Content starts

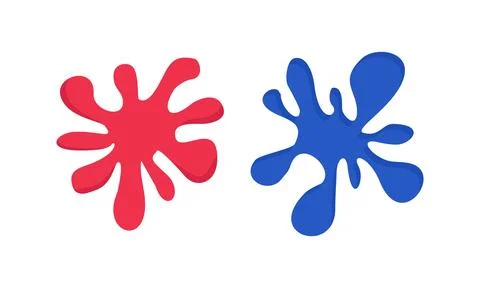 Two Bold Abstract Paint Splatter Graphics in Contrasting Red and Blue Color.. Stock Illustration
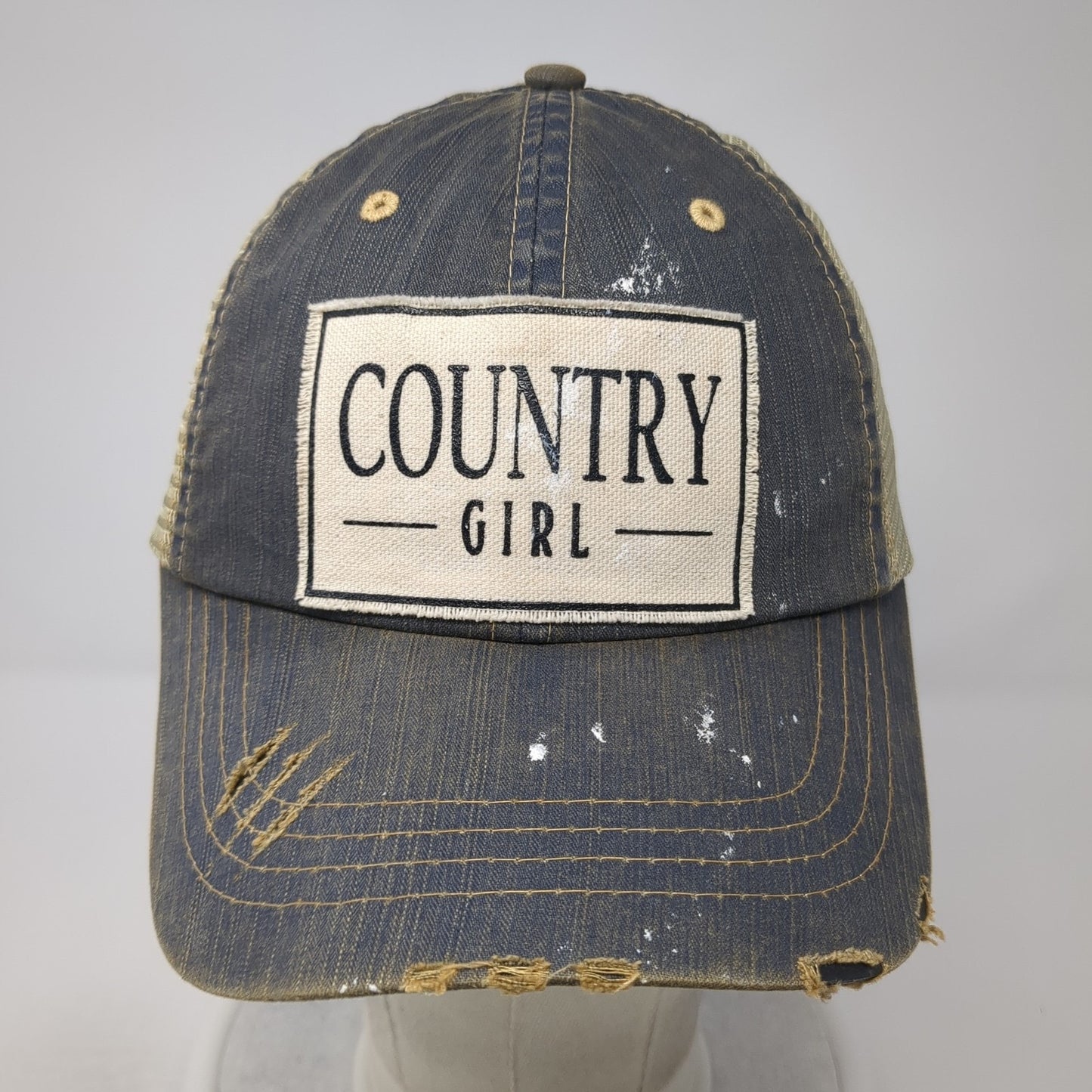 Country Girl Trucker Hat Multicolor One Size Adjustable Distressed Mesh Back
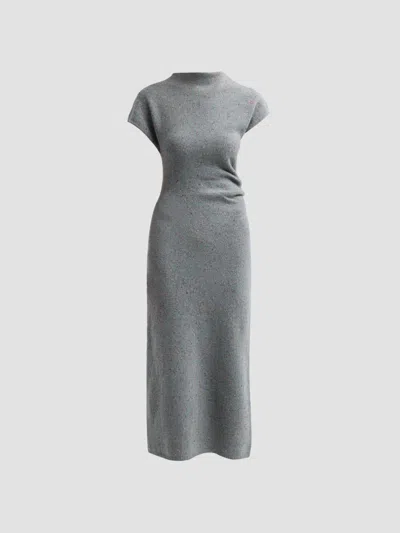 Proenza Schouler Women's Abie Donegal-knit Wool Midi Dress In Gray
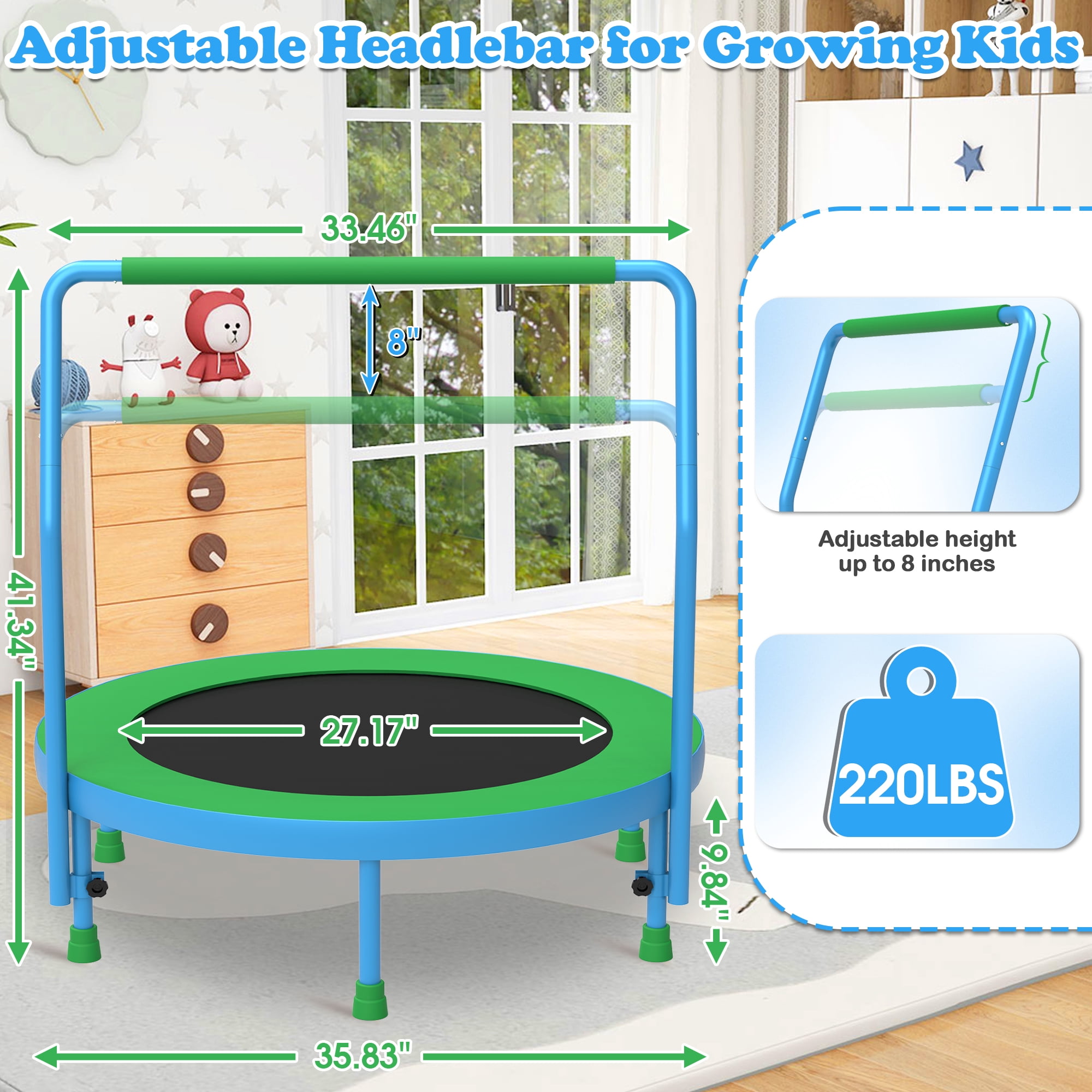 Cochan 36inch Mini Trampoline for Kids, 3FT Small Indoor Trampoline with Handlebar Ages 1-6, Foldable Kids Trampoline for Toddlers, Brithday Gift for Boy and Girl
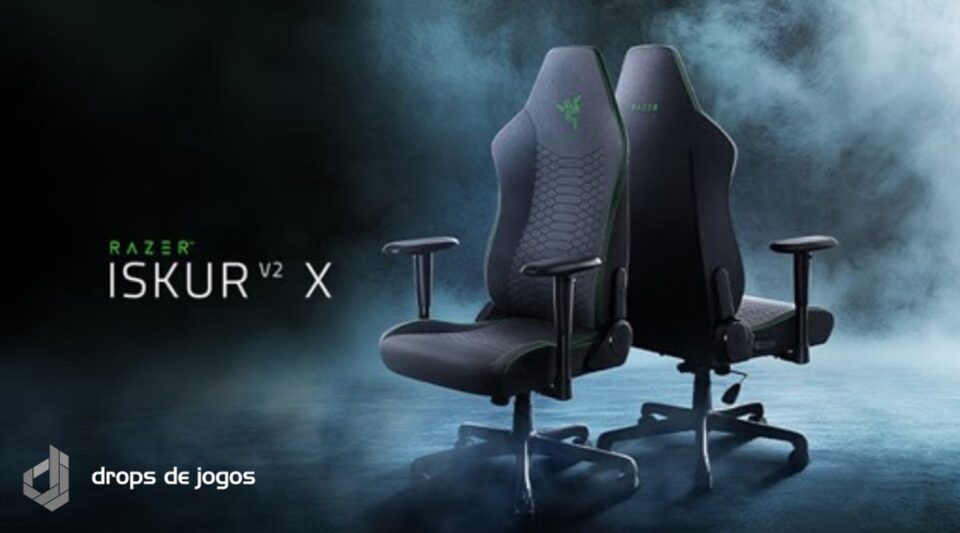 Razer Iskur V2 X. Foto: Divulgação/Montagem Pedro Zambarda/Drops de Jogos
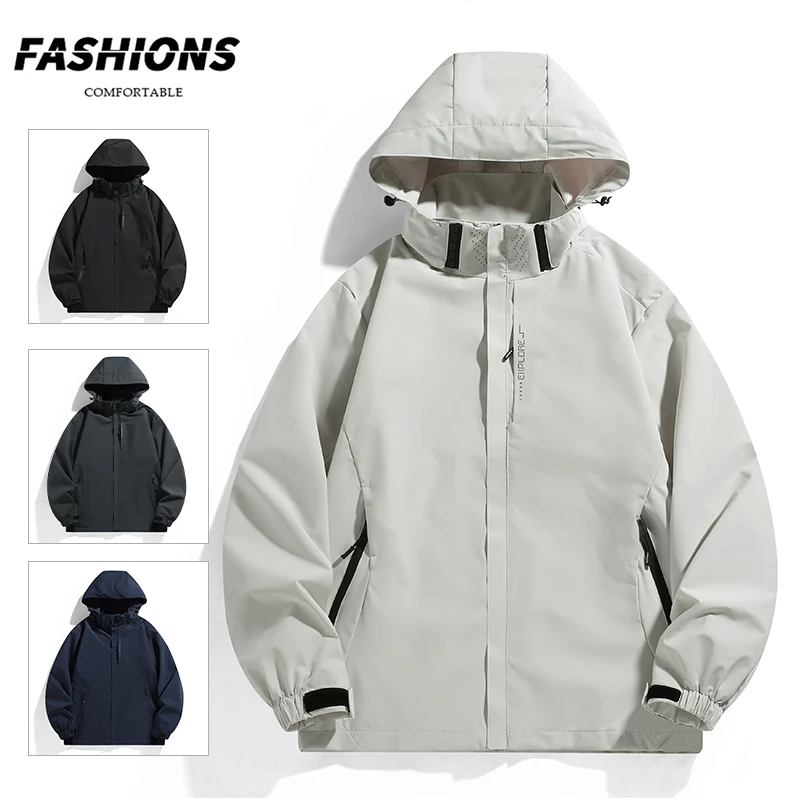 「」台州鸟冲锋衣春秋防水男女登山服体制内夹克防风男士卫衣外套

Content ends

Transcribe exactly, and without any pictures, each line from the one that holds "Country Girl Trucker" through the final line of the material above.

 Country Girl Trucker Hat Multicolor One Size Adjustable Distressed Mesh Back
 Proenza Schouler Women's Abie Donegal-knit Wool Midi Dress In Gray
 Cochan 36inch Mini Trampoline for Kids, 3FT Small Indoor Trampoline with Handlebar Ages 1-6, Foldable Kids Trampoline for Toddlers, Brithday Gift for Boy and Girl
 Razer Iskur V2 X. Foto: Divulgação/Montagem Pedro Zambarda/Drops de Jogos
 「」台州鸟冲锋衣春秋防水男女登山服体制内夹克防风男士卫衣外套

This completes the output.